== Supplied records

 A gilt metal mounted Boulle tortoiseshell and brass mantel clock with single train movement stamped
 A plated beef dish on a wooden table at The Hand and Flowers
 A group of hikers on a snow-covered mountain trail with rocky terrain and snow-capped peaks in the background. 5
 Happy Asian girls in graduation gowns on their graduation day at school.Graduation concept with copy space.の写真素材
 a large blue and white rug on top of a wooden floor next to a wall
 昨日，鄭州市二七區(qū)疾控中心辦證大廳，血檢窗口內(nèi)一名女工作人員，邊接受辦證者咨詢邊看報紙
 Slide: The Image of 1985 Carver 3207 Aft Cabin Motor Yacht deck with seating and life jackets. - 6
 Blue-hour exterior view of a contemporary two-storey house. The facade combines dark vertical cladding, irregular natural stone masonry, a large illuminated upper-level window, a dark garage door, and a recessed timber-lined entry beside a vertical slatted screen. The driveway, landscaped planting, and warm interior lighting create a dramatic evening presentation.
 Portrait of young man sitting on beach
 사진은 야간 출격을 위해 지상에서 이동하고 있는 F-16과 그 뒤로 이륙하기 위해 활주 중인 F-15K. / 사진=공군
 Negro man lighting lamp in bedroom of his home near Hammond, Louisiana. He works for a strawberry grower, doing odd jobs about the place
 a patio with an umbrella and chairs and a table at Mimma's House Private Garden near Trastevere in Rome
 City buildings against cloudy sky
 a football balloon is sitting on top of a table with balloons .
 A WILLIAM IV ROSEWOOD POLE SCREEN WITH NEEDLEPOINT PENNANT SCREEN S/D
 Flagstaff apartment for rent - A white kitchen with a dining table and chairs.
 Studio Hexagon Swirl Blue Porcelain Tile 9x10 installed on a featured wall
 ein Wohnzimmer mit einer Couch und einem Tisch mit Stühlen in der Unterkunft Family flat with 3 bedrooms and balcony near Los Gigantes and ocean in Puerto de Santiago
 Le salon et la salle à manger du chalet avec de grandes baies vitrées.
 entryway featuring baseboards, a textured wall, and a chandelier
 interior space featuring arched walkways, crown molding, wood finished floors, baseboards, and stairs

====

**Your instructions**
Filter the entries down to the lines that hold "wall". Copy those lines.

**Written response**
 a large blue and white rug on top of a wooden floor next to a wall
 Studio Hexagon Swirl Blue Porcelain Tile 9x10 installed on a featured wall
 entryway featuring baseboards, a textured wall, and a chandelier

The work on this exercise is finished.